July 27, 2011 10:52 by juliecoxcid

Twenty-two chiropractic doctors and students joined at the beautiful Hyatt Boston Harborside Hotel for a weekend of hands-on and academic experience. Lead by Dr. Ralph Kruse, the doctors from Norway to Illinois to Connecticut to Canada heard about the history of Cox Technic, saw videotaped cases of Dr. James Cox, the developer of Cox Technic Flexion Distraction and Decompression spinal manipulation, applying Cox Technic protocols from the spinal manipulation to ancillary therapies and exercise, gained insights into the biomechanics of flexion distraction based on federally funded HRSA grant studies and the clinical outcomes of flexion distraction, and felt how the proper application of Cox Technic should feel as both the doctor and patient. Always an amazing finding is how small the motion is to get the desired effect. One to 2 inches of motion from the treatment starting point is all it takes. There is no need or desire for 16° of flexion when applying flexion distraction properly. Further, dropping intradiscal pressures on the DRG is important. Pain is when there is more than 20mm of pressure on the DRG nerves according to Takahashi.

You get the latest research presented in concise form, as well as individual hands-on with the technique that is invaluable. When’s the last time a seminar day flew by? Good stuff.”

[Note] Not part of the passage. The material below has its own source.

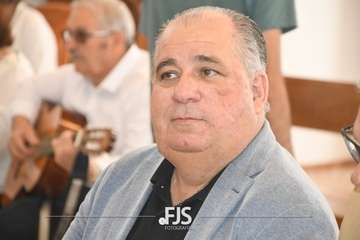 Misa y procesión religiosa en Cazadores/Francisco Javier Santana.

– Boston Part I (7/11) attendee comment on evaluation form

So consider joining the next Cox Technic Part I Certification Course in San Diego on September 9-10, 2011. You’ll be amazed at today’s 21st century, gentle, evidence-based, effective clinical protocols of Cox Technic that have evolved since you took it in school or heard about it from a colleague!

Check the website for more information on Cox Technic and on the seminars we offer. Then, contact us with any questions.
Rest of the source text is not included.